Baptist General Convention of Oklahoma Disaster Relief Director Sam Porter drove two portable generators to Guymon on New Year’s Eve to help alleviate the widespread loss of power which resulted from the storm. Area officials estimated there were more than 200 power poles down in the Oklahoma Panhandle, Porter said.
“Divide the Panhandle in half and everything west of that line was in trouble with loss of power some time,” Porter said. “In talking with the Office of Emergency Management, Southwest Kansas had 2,000 telephone poles on the ground and a few hundred were down in Oklahoma.”
Eleven Panhandle Association disaster relief feeding team volunteers set up a kitchen in the Texas County Activity Center, Dec. 30. The volunteers fed 150 people that day, 800 more on Dec. 31, 900 on Jan. 1 and almost 400 on Jan. 2, said “blue cap” (response leader) Dick Fisher of Hooker. Meals were transported west to towns in the snowed-in area by Red Cross volunteers.
Reached by cell phone Jan. 2, Fisher was enroute to Boise City to deliver a front end loader to help “dig some people out.”
“It’s still a big mess in Cimarron County,” he said. “From Boise City on west it’s still real messy.”
Meanwhile, a feeding team from the BGCO’s NW disaster relief Zone-Enid-Fairview-Woodward area-was putting together a group to relieve the Panhandle feeding team, and a chainsaw crew from the Hydro/Weatherford area was enroute to relieve the Panhandle Association chainsaw team, which was helping to clear broken trees and limbs from property.
The chainsaw crews were in Hooker Jan. 3, clearing the property of Hooker, First and residential properties of debris.

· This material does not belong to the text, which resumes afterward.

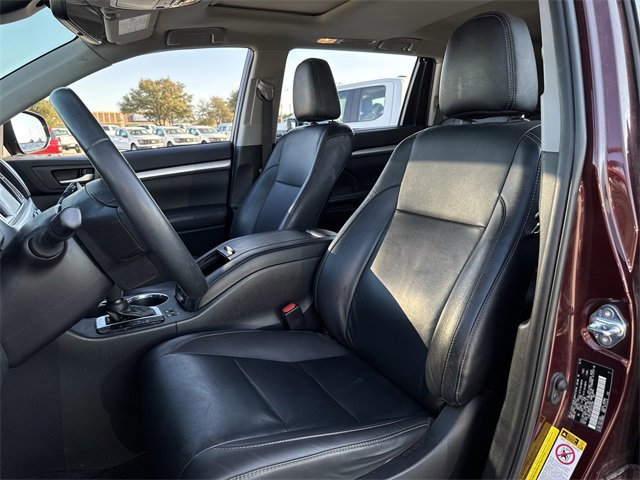 Used 2019 Toyota Highlander XLE image 27
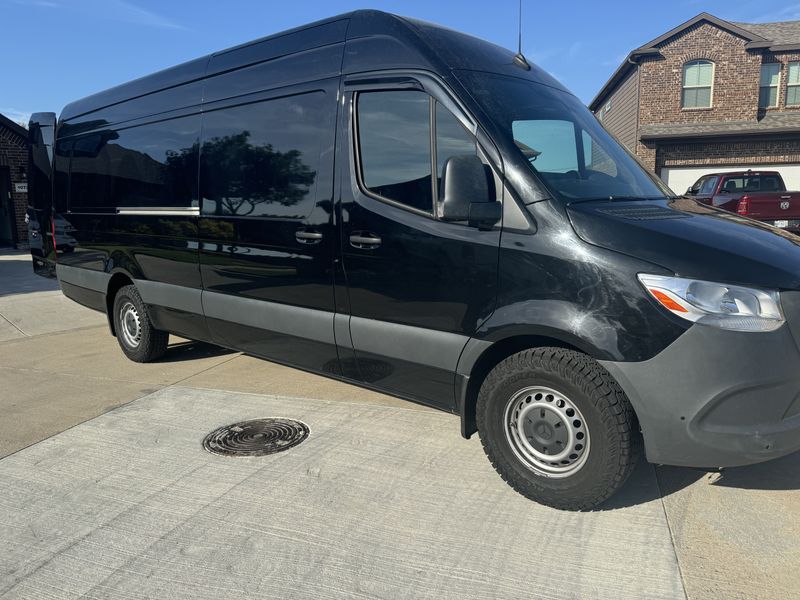 Picture 2/3 of a 2022 Mercedes sprinter for sale in Fort Worth, Texas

Fisher, who is a member of the church, said the crews were scheduled to move on to Guymon that afternoon to work.
Fisher said roadways had pretty much been cleared of debris by Jan. 2, “but there are still a lot of limbs down in Guymon, Goodwell, Texhoma and on back to Hooker toward Hardesty. We were cleaning them up from last week’s ice storm, and then this weekend happened. There are a lot of power lines down across the rural areas,” Fisher said.
Fisher said the Guymon and Hooker area received almost four inches of rain just before the blizzard hit.
“All of that turned into ice Friday afternoon (Dec. 29) and Saturday; then we got two or three inches of snow on top of that,” he said. “Boise City pretty much had snow. We heard reports of 12-24 inches of snow in the western Panhandle in a 24-hour period. That’s a lot of snow for the flatlands.”
The Guymon Daily Herald reported that nearly 400 trucks were stranded in Boise City, along with other travelers, after the huge snowfall. The Disaster News Network reported that at least 12 fatalities-mostly as a result of icy roads-had been attributed to the severe storm, which earlier over the weekend spawned tornadoes in Texas and Louisiana. Thousands of people-including 44,000 in Kansas and an estimated 15,000 in Nebraska-were left without power. The storm once stretched from Mexico to Canada.
Fisher said Jan. 3 conditions were improving in the Oklahoma Panhandle, thanks to clear skies and prevailing sunshine.